M142 HIMARS: apoio de fogos e capacidade de ataque em profundidade
Durante as manobras, os HIMARS evidenciaram a sua aptidão para prestar apoio de fogos de longo alcance e cumprir missões de ataque em profundidade, funções centrais previstas para estes sistemas no quadro da doutrina defensiva de Taiwan. Segundo oficiais do Exército de Taiwan, a sequência de emprego - desdobramento, aquisição de alvos, abertura de fogo e deslocação rápida - foi um elemento determinante do exercício, com ênfase na mobilidade e na redução da vulnerabilidade após disparo.
A actividade contou igualmente com meios de apoio e cobertura, incluindo helicópteros de transporte UH-60M Black Hawk, helicópteros de reconhecimento armado e ataque AH-1W Super Cobra, viaturas blindadas de rodas Cloud Leopard e carros de combate M60A3.
Integração dos HIMARS no Exército de Taiwan e reforço da dissuasão
A presença dos HIMARS nestes treinos surge na sequência da sua entrada oficial ao serviço em 2025, após um processo de aquisição acordado com os Estados Unidos, enquadrado no reforço das capacidades de dissuasão de Taiwan. Embora o pacote inicial previsse onze (11) unidades, a necessidade de ampliar o apoio de fogos e as capacidades de ataque a longa distância levou o Ministério da Defesa Nacional a alargar o acordo, acrescentando 18 unidades adicionais, em vez de avançar para a compra de novos obuses autopropulsados M109A6 Paladin.

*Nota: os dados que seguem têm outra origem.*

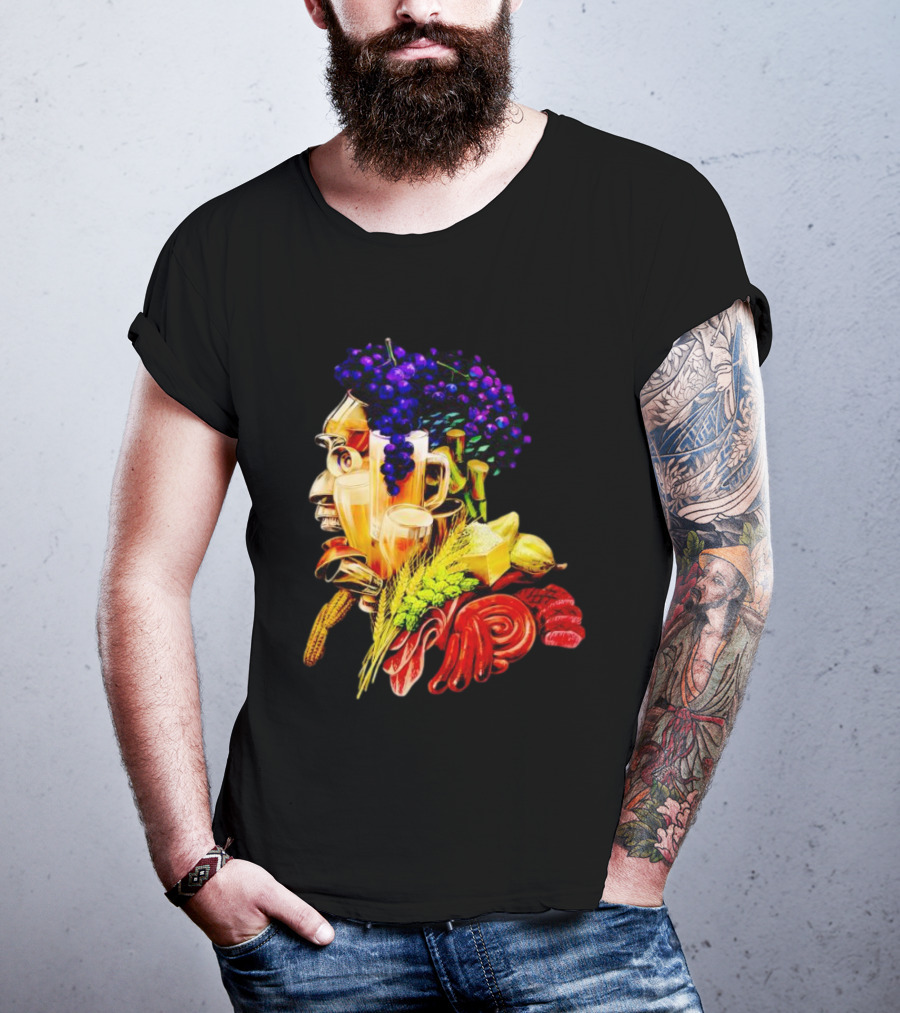 Toru Yano Damashie Baroque Food Face With Grapes And Wheat T-Shirt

Com esta expansão, a encomenda total passou a 29 sistemas de artilharia de alta mobilidade, num investimento estimado de cerca de 1,01 mil milhões de dólares (USD). Após vários ajustamentos ao calendário, o primeiro lote de 11 HIMARS foi entregue em 2024, estando prevista a chegada das 18 unidades restantes antes de 2026.
Importa sublinhar que, de acordo com o planeamento inicial, o segundo lote estava originalmente apontado para entregas entre 2027 e 2028. Antes da incorporação formal, os sistemas realizaram ensaios de aceitação, passo essencial para preparar a sua utilização em contexto operacional.

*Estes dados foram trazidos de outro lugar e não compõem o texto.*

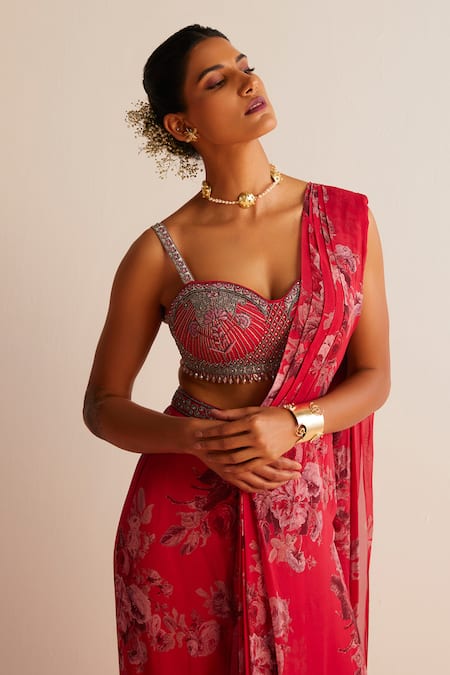 Kalista_Red Viscose, Silk Sequins, Beads Rumi Printed Pre-draped Saree With Blouse _Online_at_Aza_Fashions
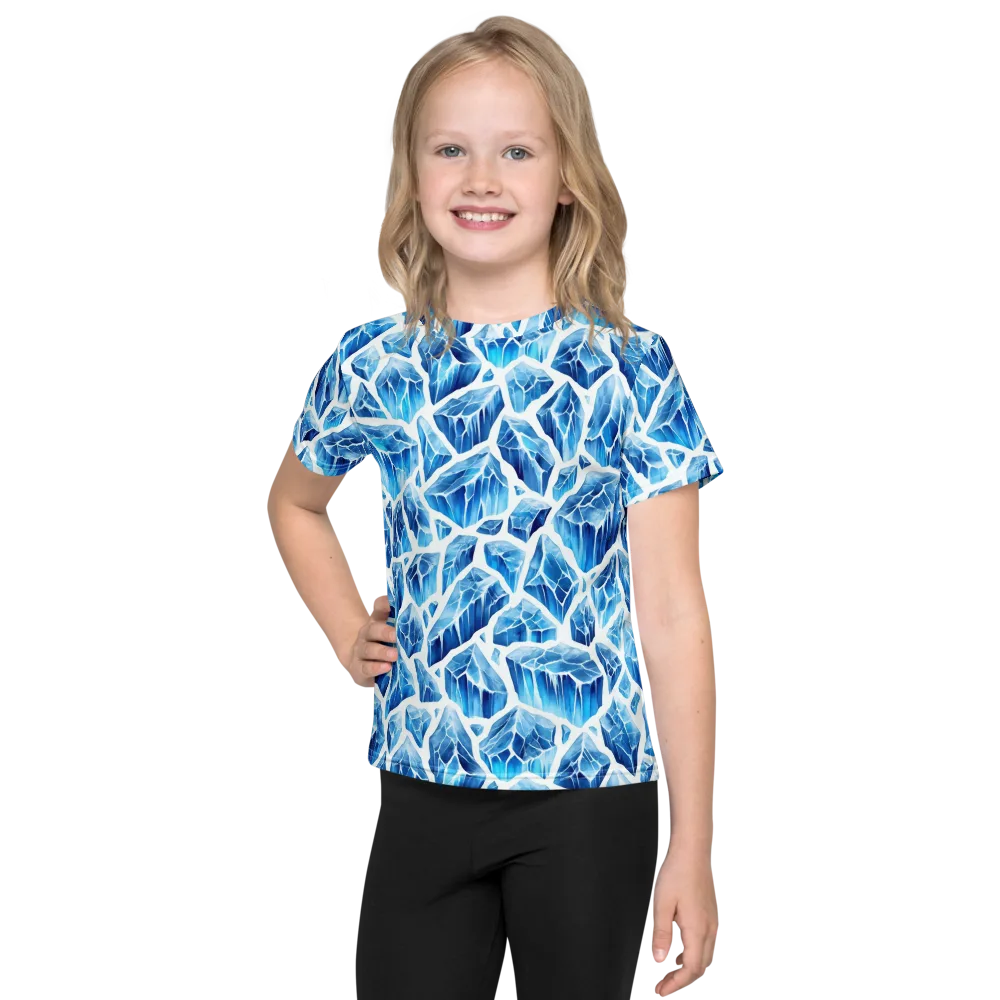 Glacial Mosaic on Kids Crew Neck T-Shirt — Front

Mobilidade, dispersão e prontidão: factores críticos na empregabilidade
Para além da potência de fogo, a relevância do HIMARS em Taiwan assenta na combinação entre mobilidade táctica, capacidade de operar a partir de diferentes pontos da rede viária e possibilidade de dispersão para dificultar a detecção e a neutralização. Num ambiente onde o tempo entre a identificação e a resposta pode ser curto, treinar rotinas de deslocação e reposicionamento ajuda a maximizar a sobrevivência do sistema e a manter a pressão sobre alvos prioritários.
Outro aspecto associado à integração é a necessidade de consolidar procedimentos de comando e controlo, logística de munições e coordenação com outros ramos e plataformas, garantindo que a cadeia “detectar–decidir–engajar” funciona com rapidez. Exercícios como o realizado em Taichung permitem validar não só o lançamento em si, mas também a articulação com meios aéreos, unidades mecanizadas e elementos de reconhecimento responsáveis por alimentar o processo de selecção de alvos.
Possível nova encomenda e pacote autorizado pelos Estados Unidos
À medida que a integração progride, o governo taiwanês estará, alegadamente, a preparar a encomenda de um novo lote de sistemas de artilharia aos Estados Unidos. A evolução ocorre depois de uma autorização recente do Departamento de Estado norte-americano para a venda de um total de oitenta e dois (82) sistemas M142 HIMARS, acompanhados por 420 mísseis ATACMS e 752 foguetes guiados GMLRS-U, num valor global aproximado de 4 mil milhões de dólares (USD).